Beginning with the line containing "Jessup Jessup Pink" and ending with the line containing "structure, CAS 1240528-01-1", write out each line of the records below exactly; pictures and lines outside that range are left out.

═══ Data ═══

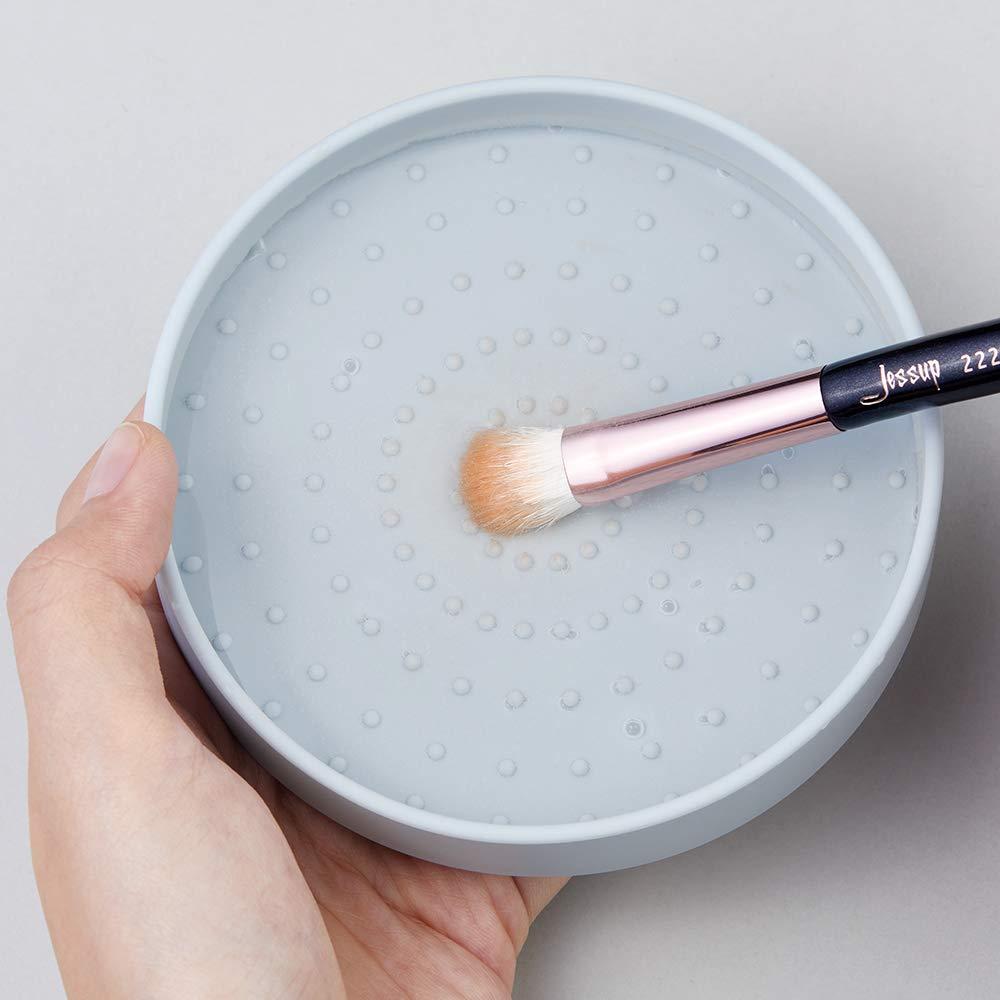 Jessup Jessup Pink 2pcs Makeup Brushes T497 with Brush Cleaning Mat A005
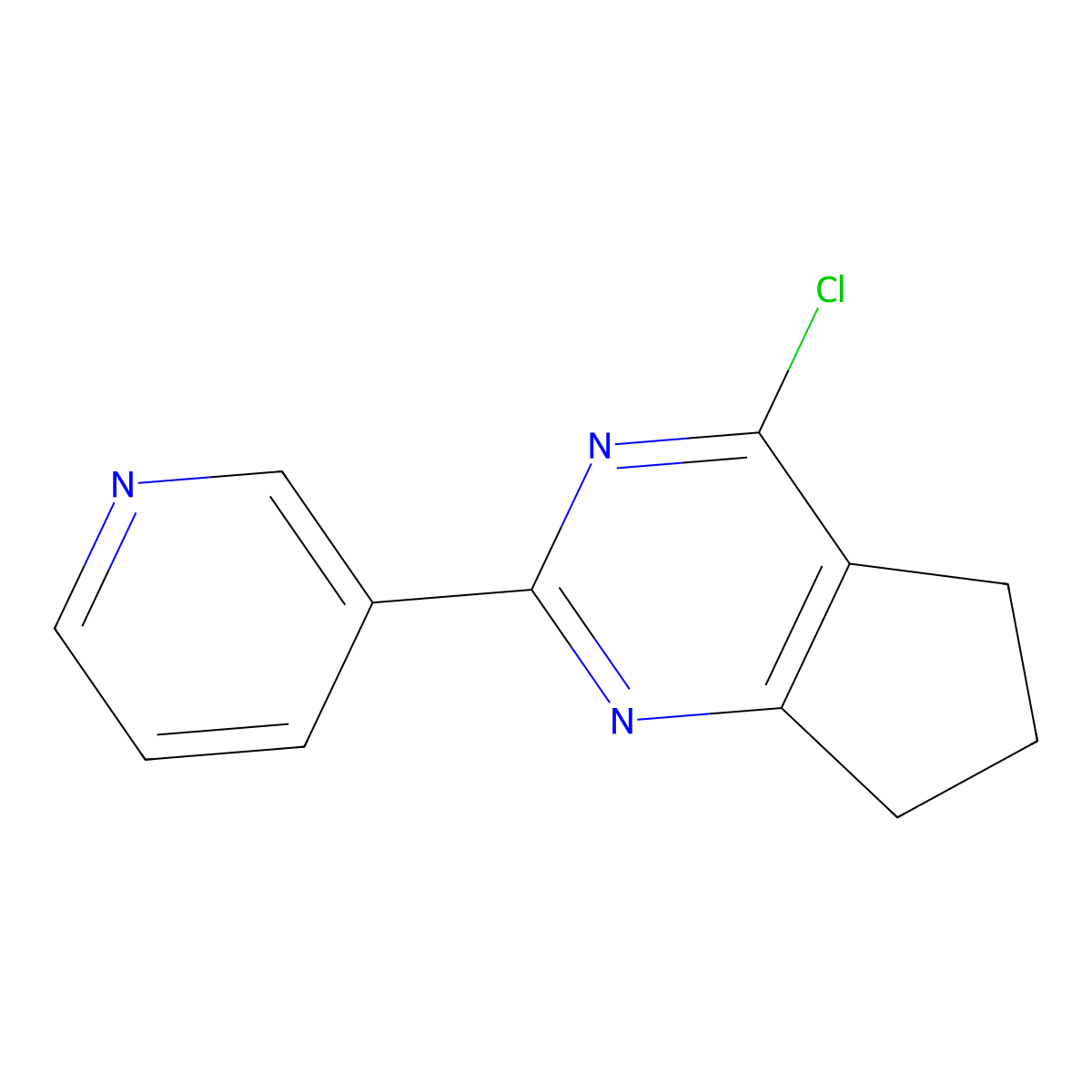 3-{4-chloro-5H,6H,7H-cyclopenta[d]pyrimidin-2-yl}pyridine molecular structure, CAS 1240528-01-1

═══
═══ Data ═══

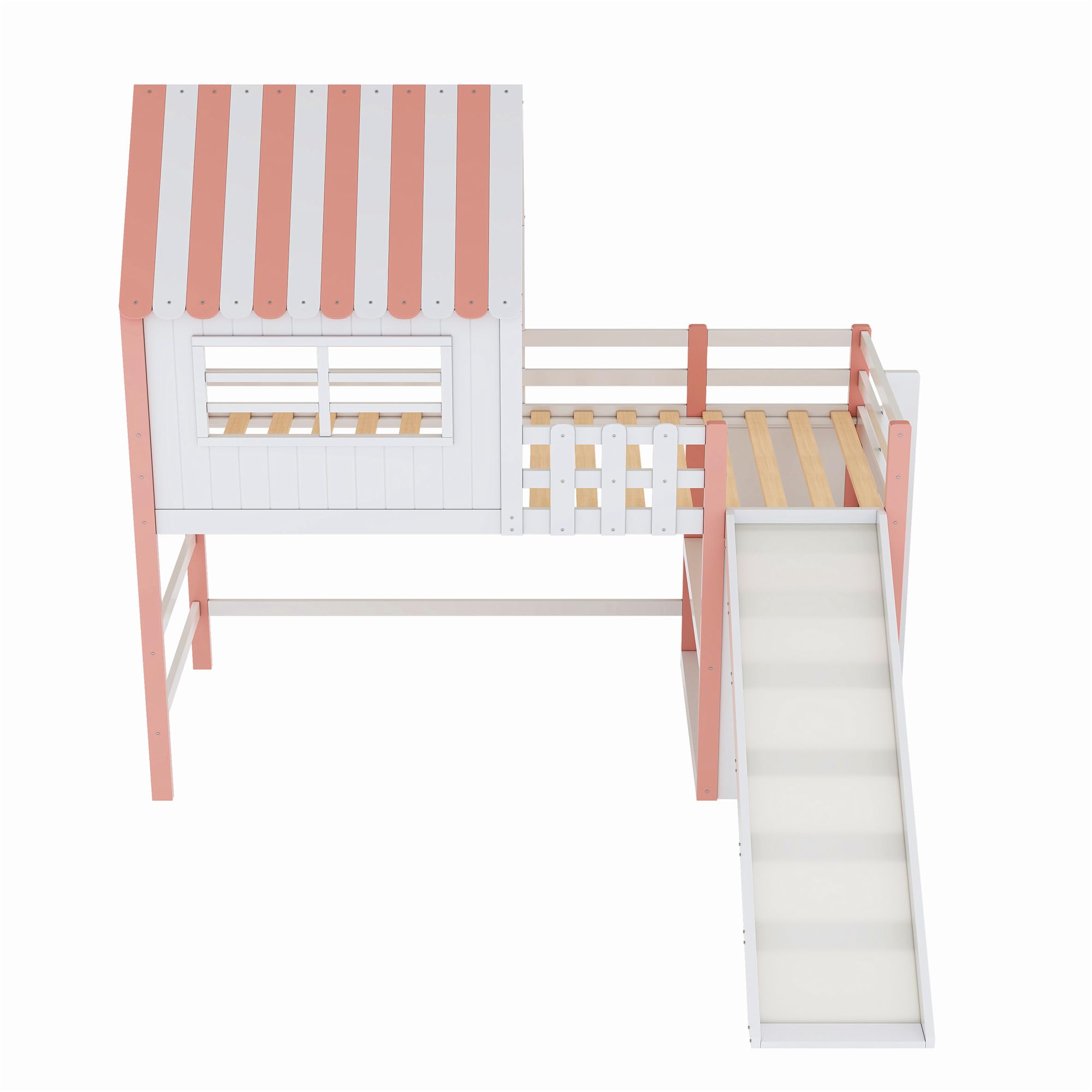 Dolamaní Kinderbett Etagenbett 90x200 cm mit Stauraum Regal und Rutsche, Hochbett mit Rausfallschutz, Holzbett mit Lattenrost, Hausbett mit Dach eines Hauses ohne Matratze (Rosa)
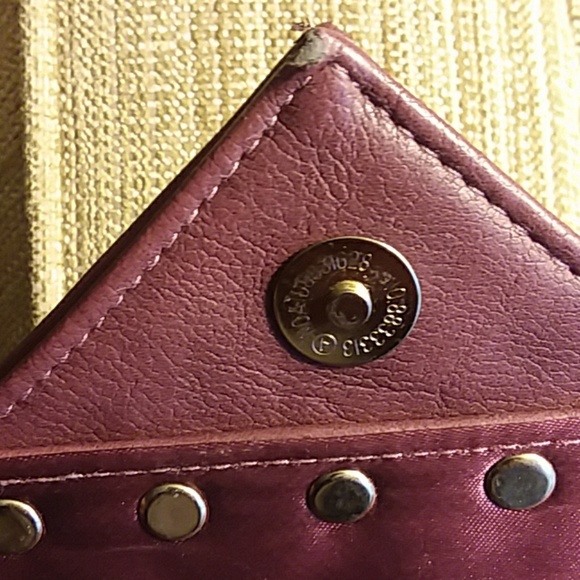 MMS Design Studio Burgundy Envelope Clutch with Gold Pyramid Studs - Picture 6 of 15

═══

Solution to the exercise:
 Jessup Jessup Pink 2pcs Makeup Brushes T497 with Brush Cleaning Mat A005
 3-{4-chloro-5H,6H,7H-cyclopenta[d]pyrimidin-2-yl}pyridine molecular structure, CAS 1240528-01-1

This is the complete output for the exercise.